Denote by $\mu(A_t)$ the max spectral radius of $A_t$ which is defined as the maximal cycle geometric mean $$ \mu(A_t) := \max \{ (a_{i_1i_2}a_{i_2i_3}\dots a_{i_ki_1})^{1/k}\}$$ where the maximum is taken over all cycles in the matrix $A$, $k$ is the length of the cycle, and for each cycle the indices $i_1,\ldots,i_k$ are distinct (so that it is really a cycle). Here this means that $$ \mu(e^t) := \mu(A_{e^t}) = \exp\left( \frac{\ell}{k} t\right)$$ for some maximal cycle of length $k$ and the powers along this cycle sum to $\ell$. In particular, the maximum is attained in the same cycle for all $t\geq0$, namely one in which sum of the exponents divided by length of the cycle is maximized. For $t<0$ on the other hand we need to minimize the factor $\ell/k$ over all cycles.
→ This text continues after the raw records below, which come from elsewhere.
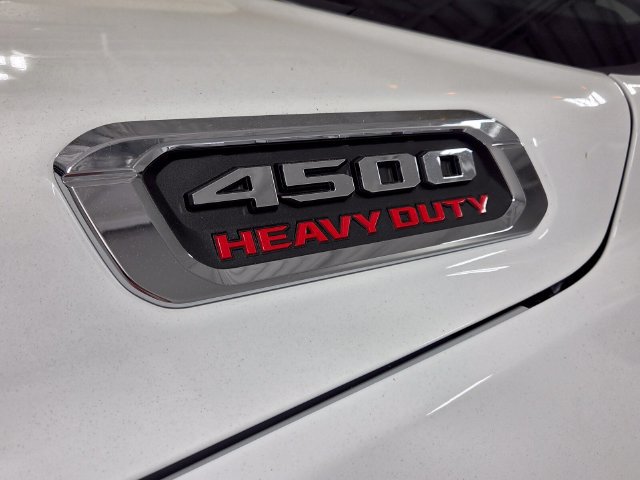 New 2026 RAM 4500 Tradesman w/ Chrome Appearance Group AWD/4WD image 14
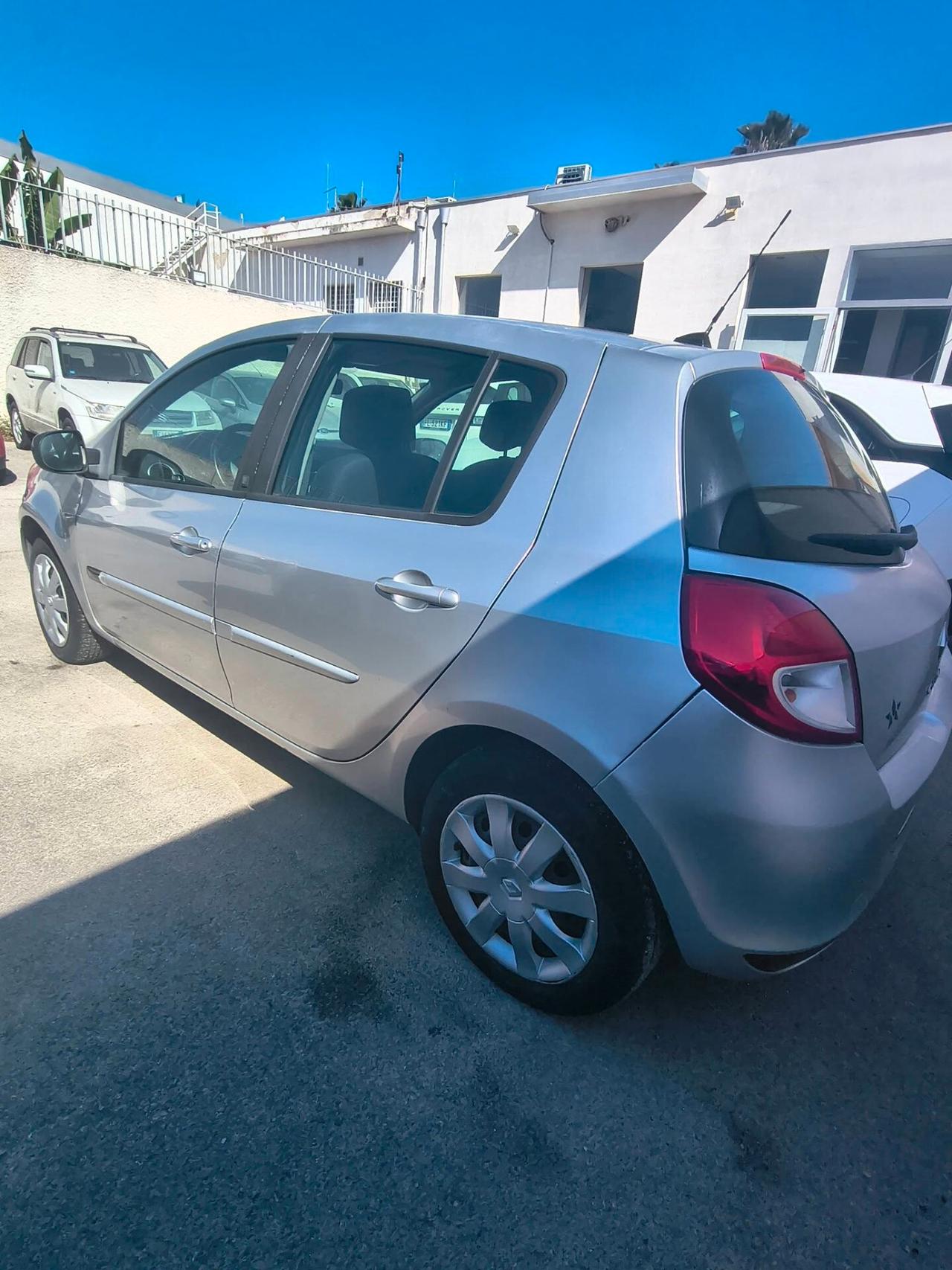 Renault Clio 1.5 Dci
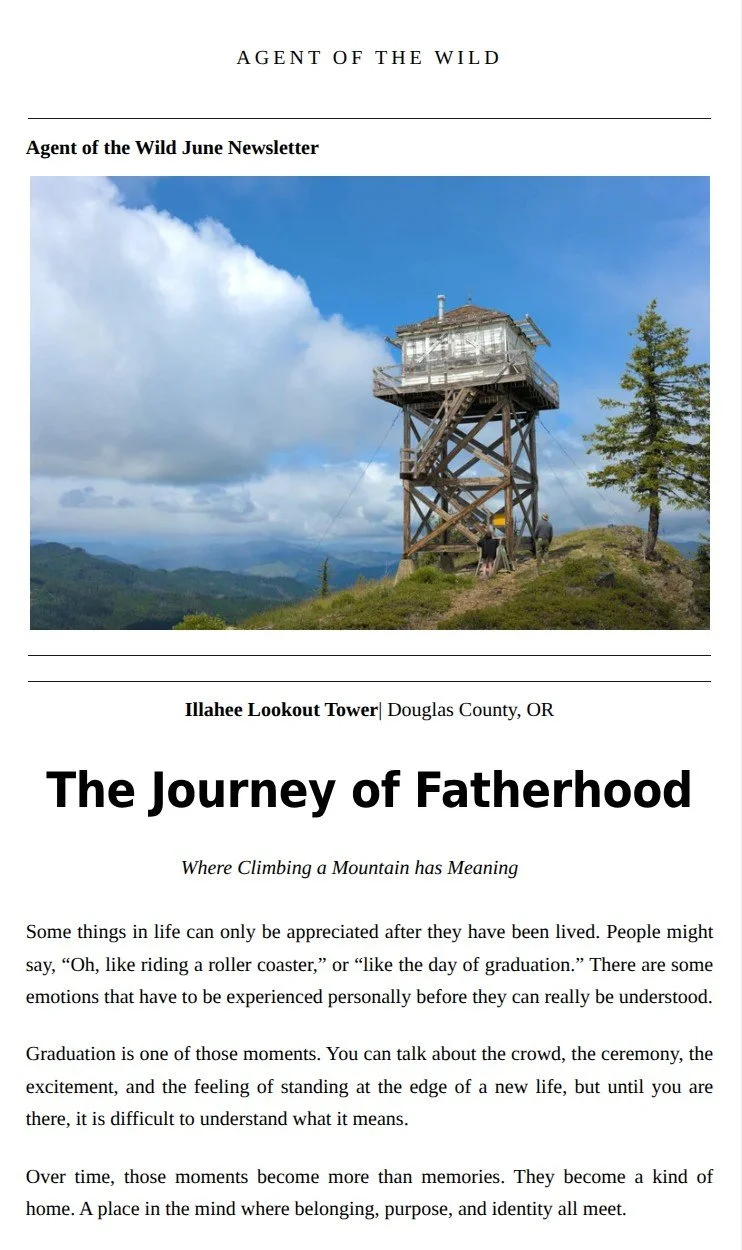 A Journey of Fatherhood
If $n$ is the size of the matrix, then it is known for any nonnegative matrix $B$ that $$ \mu(B) \leq \Lambda(B) \leq n \mu(B), $$ (equation (6.10) in Elsner, Johnson, Dias da Silva, The Perron root of a weighted geometric mean of nonnegative matrices. Linear and Multilinear Algebra 24 (1988) 1-13.)
So here this means $$ \exp\left( \frac{\ell}{k} t\right) \leq \Lambda(e^t) \leq n\exp\left( \frac{\ell}{k} t\right),\quad t\geq0$$ where the $\ell/k$ is actually easy to get from the matrix $A_t$. Similarly, but with a different constant (in general) for $t<0$.